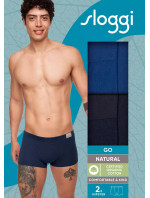 Pánské boxerky GO Natural Hipster C2P - BLUE - modré M008 - SLOGGI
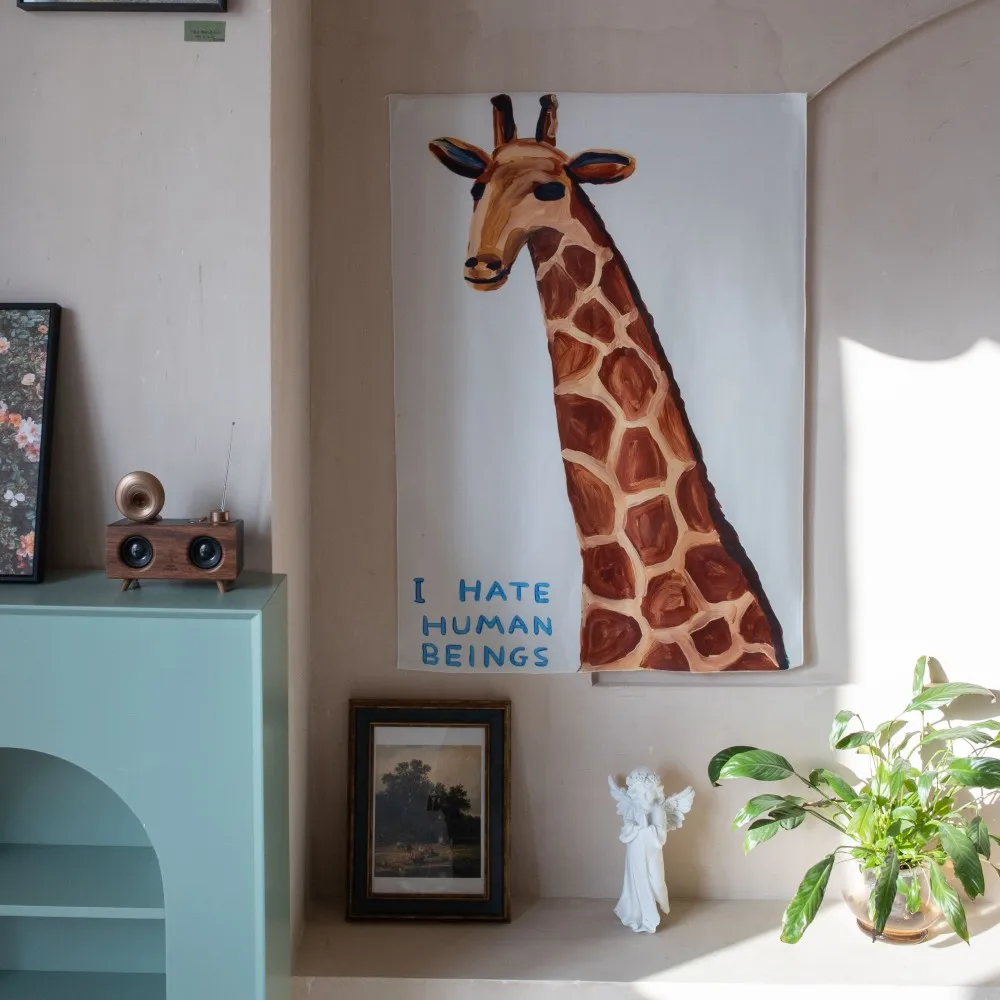 VIKAMA Contemporary Art Tapestry Wall Art Humorous Giraffe Poster Canvas Sarcastic Quote Design for Aesthetic Home Studio Decor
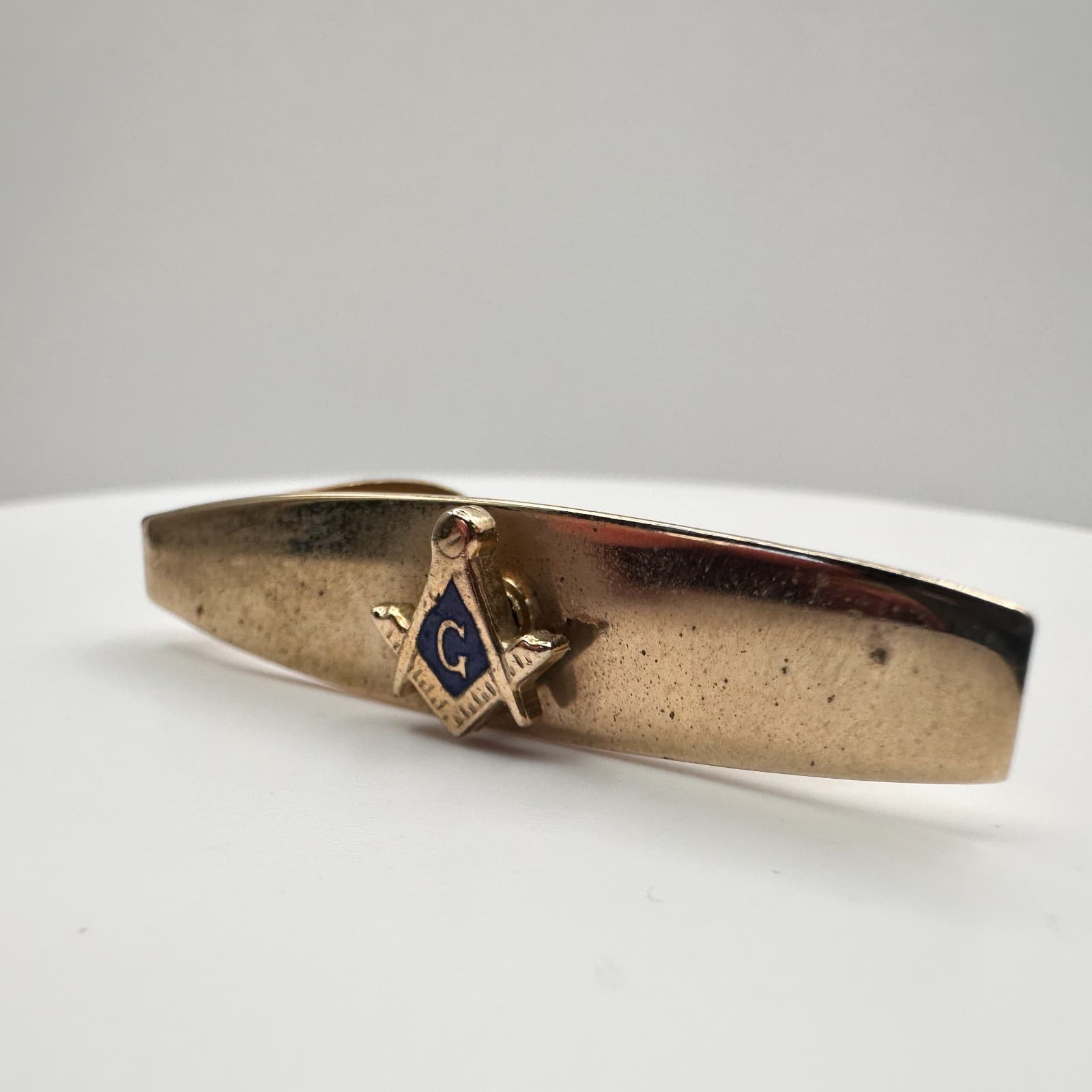 Vintage 90s Masonic Cufflinks & Tie Bar Set Gold Tone Blue Enamel Square Compass - Thumbnail 9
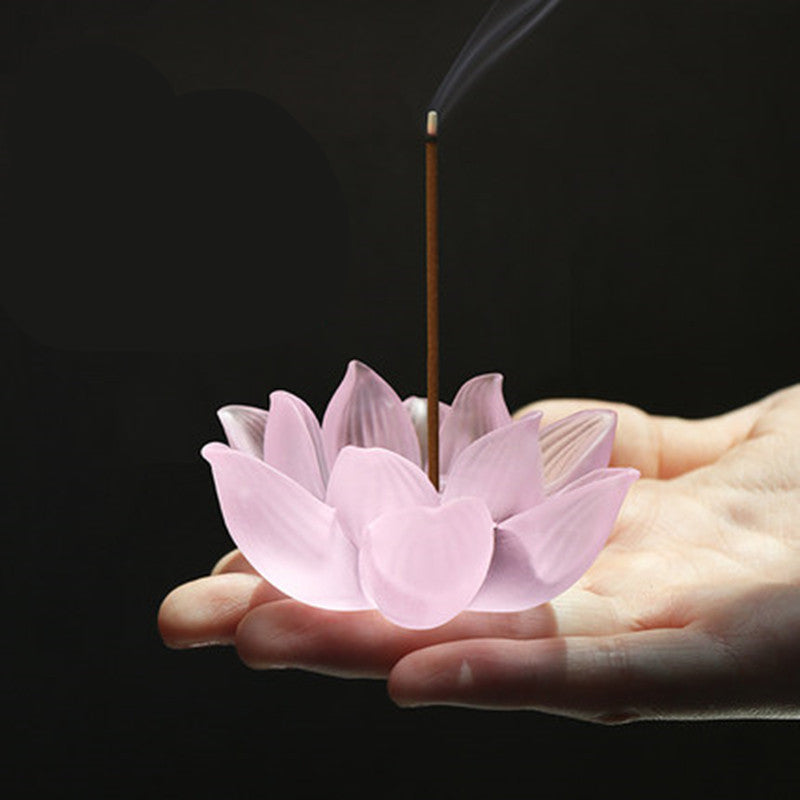 Aromaterapi Färgad Glasyr Lotus Rökelsebrännare | Veska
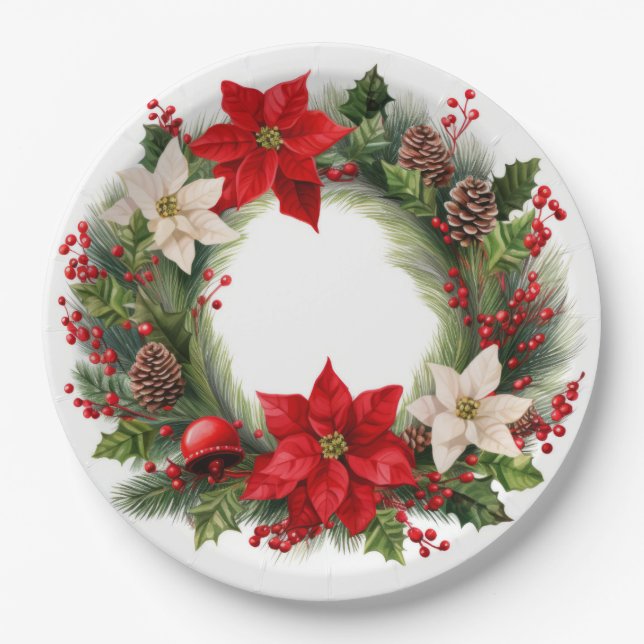 Christmas Poinsettias and Holly  Paper Plate (Front)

• • • •

(Assigned task): Would you please set down the data above again exactly, without its pictures?

(Completed exercise):
 Pánské boxerky GO Natural Hipster C2P - BLUE - modré M008 - SLOGGI
 VIKAMA Contemporary Art Tapestry Wall Art Humorous Giraffe Poster Canvas Sarcastic Quote Design for Aesthetic Home Studio Decor
 Vintage 90s Masonic Cufflinks & Tie Bar Set Gold Tone Blue Enamel Square Compass - Thumbnail 9
 Aromaterapi Färgad Glasyr Lotus Rökelsebrännare | Veska
 Christmas Poinsettias and Holly  Paper Plate (Front)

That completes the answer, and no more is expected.